Hunt also says that while the government might want to retain some control of certain strategic industries, like utilities, it could relinquish its interests in others. "I just don't see why it needs to hold stakes in the banking sector," he says. He notes that private banks in Taiwan have fared well with open-market competition. "Your economy will grow much stronger if you let market forces play a major role," he says. "The bottom line is one votes the government to manage taxes and provide good infrastructure, education and health care, rather than managing corporations."

More Might Be Better

The government is in fact pushing below that 50 percent threshold and shedding more ownership rights on the path toward full privatization. It hopes to reduce its stake in the banking sector to under 20 percent and in the telecom and transport sectors to under 33 percent in the next five years.

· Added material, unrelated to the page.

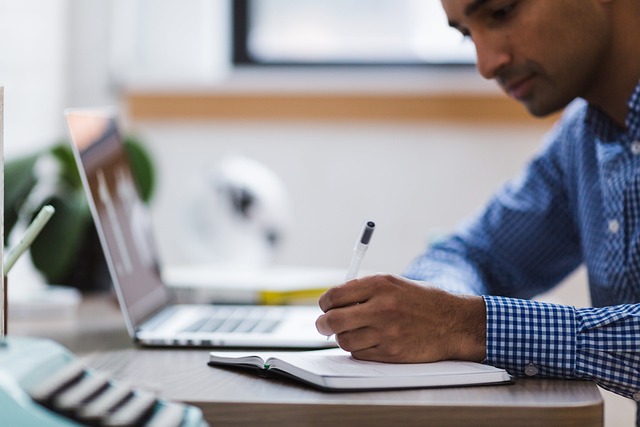 Enhancing Your Writing Process: How AI Tools Can Transform Content Creation and Engagement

Hunt says that overall the government's intention to privatize nationalized business is good, but its execution is slightly worrisome and needs to be improved. One problem, he points out, is the bidding process. The rules sometimes are not entirely transparent, and this complicates things for potential buyers, especially foreign investors who are not as familiar with the market, and erodes confidence in the process. "If you want foreign participation in the market, you've got to keep the process simple and stick with it," Hunt says. In thinking about privatization, Hunt suggests a whole range of possibilities beyond state-run enterprises. "Privatization can extend to all areas of the economy, including infrastructure works, like port and airport facilities," he says. "These public projects should be opened to the private sector that has the expertise to run them well and get better returns. That'll benefit customers, private enterprises and the government."

Liu Teng-cheng, director-general of the National Treasury Agency of the Ministry of Finance (MOF), says that further opening Taiwan's economy is just what the government is trying to do and that ultimately its goal is to completely withdraw from business.

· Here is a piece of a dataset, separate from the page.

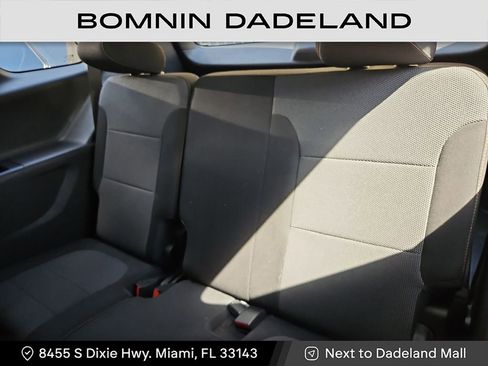 Used 2021 Chevrolet Traverse LS image 8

Among the factors complicating the process is that the SOEs are operated under the supervision of different parts of the government. Taisugar, Taipower and the CPC, for instance, fall under the Ministry of Economic Affairs, while Chunghwa Post and Taiwan Railway Administration are regulated by the Ministry of Transportation and Communications. And the MOF controls the Taiwan Tobacco and Liquor Corp. and all state-owned banks.

To centralize management the MOF has proposed the establishment of a government holding company by following the example of Singapore's Temasek Holdings, which owns and manages the Singaporean government's direct investments domestically and internationally.

If the proposal is adopted--it has been approved by the Cabinet and awaits approval in the Legislature--the MOF will become the sole regulatory body for all government-owned companies, simplifying things considerably. "This reform plan can separate management from ownership in the state-run enterprises to prevent the government from acting as a business manager and a regulator at the same time," Liu explains. "Also, the centralized management will be able to shorten the decision-making process and institutionalize privatization procedures."

Privatization ultimately relies on the political will to make difficult decisions and the foresight to balance competing interests. "Privatization is a hard political decision as it'll displease some voters," says Christopher Hunt. "Nevertheless, Thatcher, for instance, was able to accept the social costs (initial large-scale labor strikes and unemployment) and proceed. And she was either loved or hated." In Taiwan, privatization is being set in motion more slowly, in part to avoid some of those painful social costs while still trying to reap the benefits of Taiwan's vibrant marketplace.